En 1972, la comédienne Maria Schneider a été violée lors du tournage du film Un dernier tango à Paris. Le réalisateur Bertolucci ne s’en cache d’ailleurs pas. L’idée de la sodomie avec du beurre leur est venue, à Marlon Brando et à lui, lors du petit-déjeuner, le matin même : « La chose un peu atroce c’est que moi et aussi Marlon nous n’avons rien dit à Maria de ce qui allait se passer. Je voulais avoir sa réaction pas d’actrice mais de jeune femme… elle hurle, elle dit “non arrête !!!” et elle était blessée », a expliqué quarante ans plus tard Bertolucci. La vie et la dignité de cette jeune fille de 19 ans valaient donc moins que l’image de ses véritables larmes à la caméra.
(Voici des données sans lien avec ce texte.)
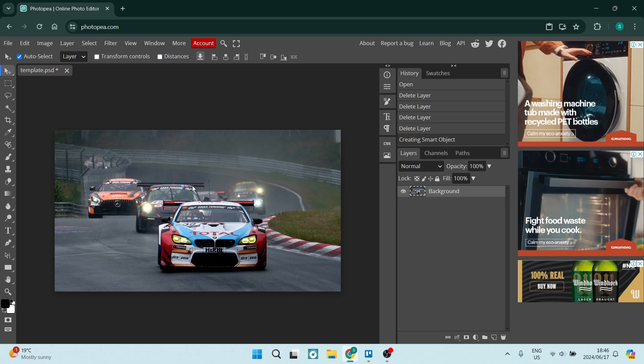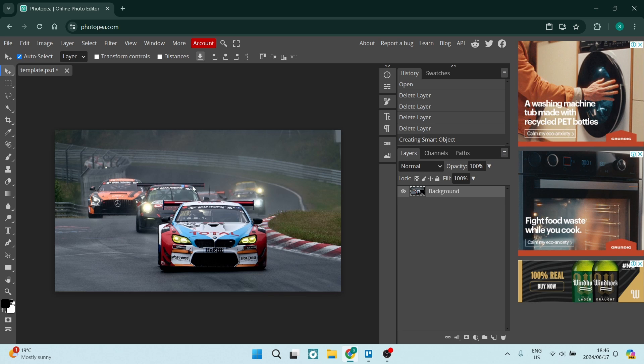So anything that you do to this image now, because it is a smart object, is done actually to the smart object itself and not actually to the image.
La Cinémathèque de Paris, qui devait projeter le film dans le cadre d’une rétrospective Marlon Brando, y a finalement renoncé. On se dit alors Ouf ! Ils ont pris conscience, comme l’a rappelé le Syndicat français des artistes interprètes (SFA-CGT) que « filmer et diffuser un viol reste répréhensible ». Ou peut-être ont-ils eu un peu d’empathie pour toutes ces comédiennes inconnues, dont la carrière a parfois été encore moins longue que celle de Maria Schneider, parce qu’elles aussi ont été aussitôt brisées par la violence des hommes ?
Que nenni ! Voilà comment Frédéric Bonnaud, le directeur de la Cinémathèque, a justifié la déprogrammation : « Des gens violents commençaient à s’annoncer, et maintenir cette projection précédée d’un débat devenait un risque tout à fait disproportionné. Tant pis ! » Il est donc « violent » de s’opposer à la diffusion d’un viol.
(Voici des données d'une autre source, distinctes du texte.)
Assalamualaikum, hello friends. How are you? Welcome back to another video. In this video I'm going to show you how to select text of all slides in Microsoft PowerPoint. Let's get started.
Rappelons qu’il a quand même fallu attendre les témoignages d’Adèle Haenel et de Judith Godrèche pour que le monde du cinéma arrête de trouver ça charmant et romantique que des hommes adultes soient « en couple » avec des filles de 13 ans.
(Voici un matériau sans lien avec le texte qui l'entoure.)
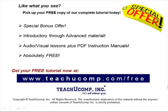Like what you see? Pick up your free copy of the complete tutorial at www.teachucomp.com forward slash free.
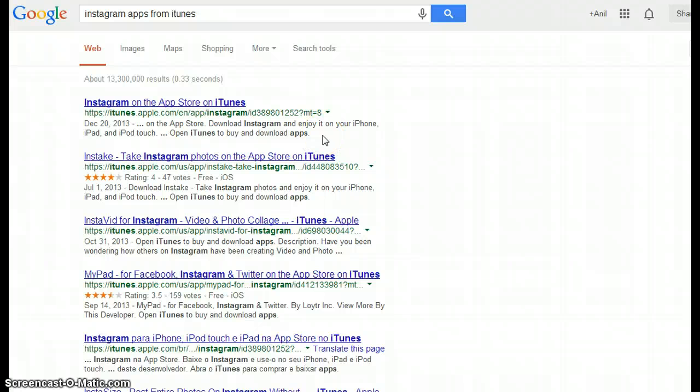That's how we can use Google Voice Search, the desktop version. Hope you liked this video. That's it from my end, thanks for watching.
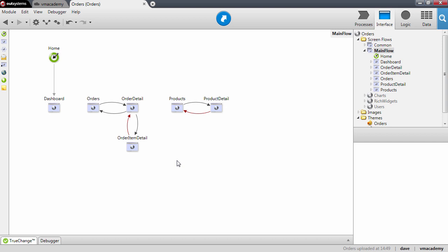In this lesson we will see how to iterate through a list to execute logic on each element. We are going to implement a deleteOrderAction that will delete all the items associated with the order and then the order itself.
On le sait, tout acte qui s’oppose à l’ordre existant est décrit par les défenseurs de cet ordre comme un acte de violence. Et plus nous serons nombreuses à refuser leur ordre, plus ils nous trouveront violentes. Appeler un viol un viol, ce n’est pas être violente, c’est tenter de regagner par les mots la dignité que le silence nous ôte.